From the blend of soaring, snarling and searing strains of the very first track, “Election Day,” it’s dead obvious that something both gloriously and dangerously timeless is at work on Love & Hate. “Straight Into The Sun” follows to reach back to the era of garage rock and early psychedelia and then drop kick it into the chaos and fury of the 21st Century. Their punk roots power such pummeling tracks as “Ghost,” “Of Days,” “Sundown” and “Rockets Red Glare” that the band takes beyond the genre strictures while remaining true to . Heartbreak becomes a haunting slice of driving rock on “End Of The World” (it’s not; it’s just the end of the girl), a Bukowski street scene meets echoes of The Doors on “Eyes” (check Wiley’s mind-bending solo on the track), “No Blood Of Mine” and “Gypsy Minor” swirl themes of dysfunction within desert rock panoramas, “Little Black Drops” references hard rock from a new vector, and “Suffering Kind” takes its cue from legendary Texas songsmith Townes Van Zandt and fashions the inspiration into a slinky moonlit march.
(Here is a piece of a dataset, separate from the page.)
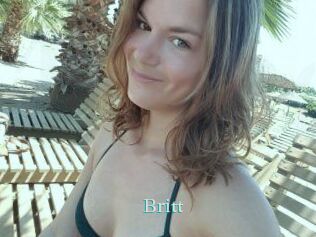 Britt
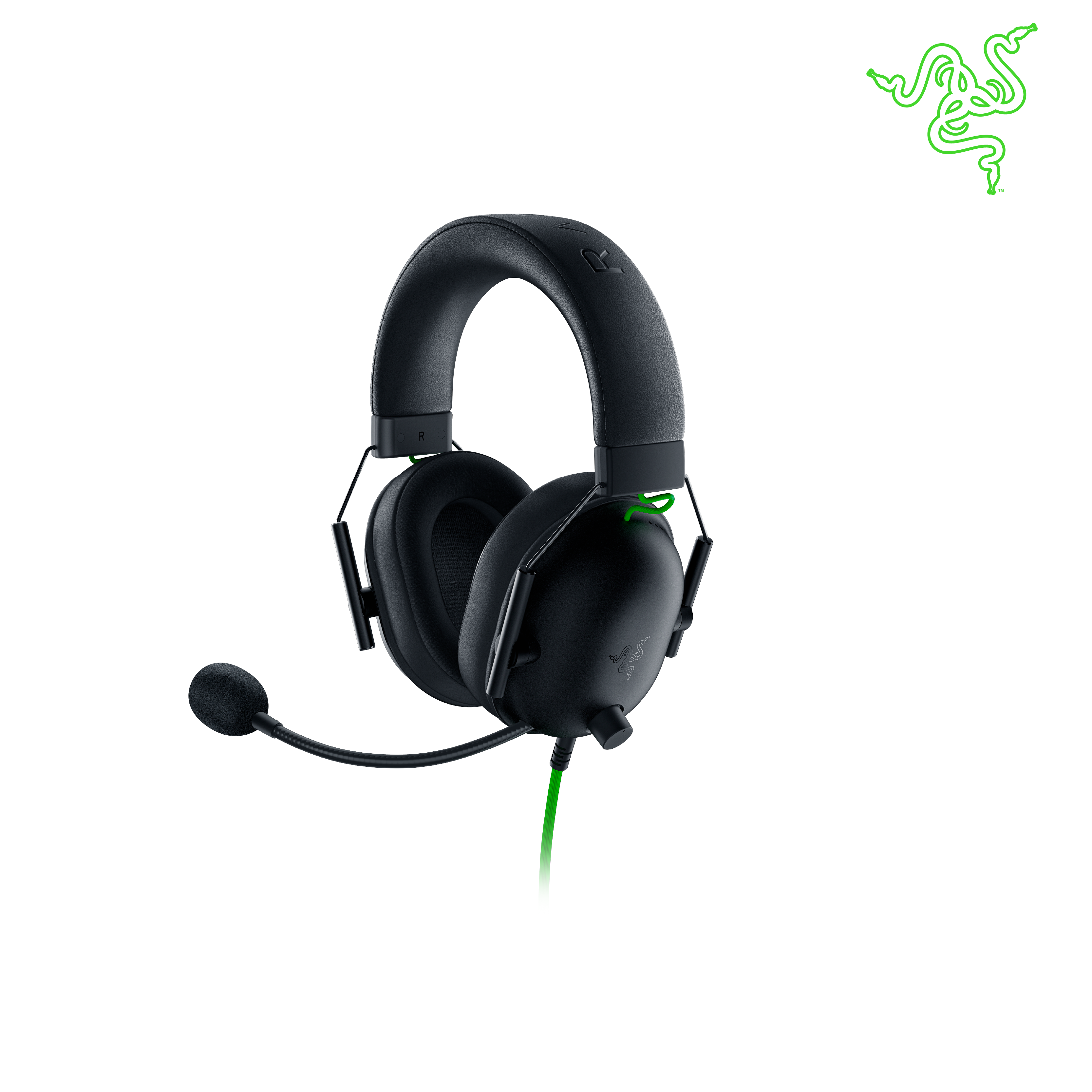 Razer Blackshark V2 X Gaming Headset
By the time the disc wraps up with the languid hangover of “Yesterday’s Mourning” (with harmonica on that track on others by special guest and Austin twisted bluesman Walter Daniels), it’s dead obvious that the 13 numbers add up to a definitive 2012 rock disc that stands on the shoulders of giants to cast its own long shadow.


Even prior to the release of Love & Hate, Rank and Revue raved how El Pathos “may have nailed their very own Exile on Main St. on the first try.” That’s what happens when wise and well-traveled veterans come together to play music with full commitment and no bullshit – classic and timeless rock’n’roll.


The origins of El Pathos are found in the thriving edgy Austin underground scene of the 1980s. Bassist Buxf Parrot was playing with The Dicks, the legendary second wave punk band whose 1980 song “Dicks Hate The Police” won them international attention (and was later covered by Mudhoney). Drummer Pat Doyle slammed the skins in the Offenders and guitarist Rob Buford was a member of teenaged local punk protégés Crotch Rot. Singer David Duet arrived in town from the swamps of Louisiana via Houston to get to know them all before heading on to Seattle where he formed Catbutt and sang for Girl Trouble and Bottle of Smoke. Over the following years all their paths would continue to cross.


Fast forward to 2009. Buford and Doyle had been playing together in Rogers Porn Collection. Parrot was picking banjo in Shooting Pains with Mark Kenyon and doing Dicks reunion shows and tours. Duet was living in Los Angeles, working in the film business, and fronted a band there, Hot For Chocolate. His sister decided to move back to Austin and asked Duet to help her drive the rental truck with her belongings.


At that same time, Buford was hoping to put together a band with the musical quality and commitment he’d always strived to find. He had been introduced to guitarist Rich Wiley, who had moved to Austin from Chicago, by another Austin scene vet, Chris Gates. (In a footnote to the circularity of connections swirling around El Pathos, Gates played in the Big Boys, who in 1980 recorded a two-band album, Live at Raul’s Club, with The Dicks. And did so on the night when a teenaged Duet first arrived in Austin) The two guitarists started collaborating.


Buford heard that Duet was back in town, called him, and mentioned that he was looking for a singer. “He gave me a couple of things he had written and I wrote lyrics to them,” explains Duet. “He started laying down tracks and sending them to me and we came up with three or four great songs, bam bam bam. That’s when it hit me: You know what? I am feeling more creative and more alive in Austin than I have in LA in three or four years. So I went back to L.A., worked for a month and saved up all my money and came back to Austin.” Doyle signed on as drummer and the nascent band recorded a five-song demo. Parrot heard it and let them know he was interested in joining, and brought along Kenyon. As soon as the six musicians played together, there was an undeniably obvious chemistry and magic that they all knew from their many years in other bands was rare and exceptional.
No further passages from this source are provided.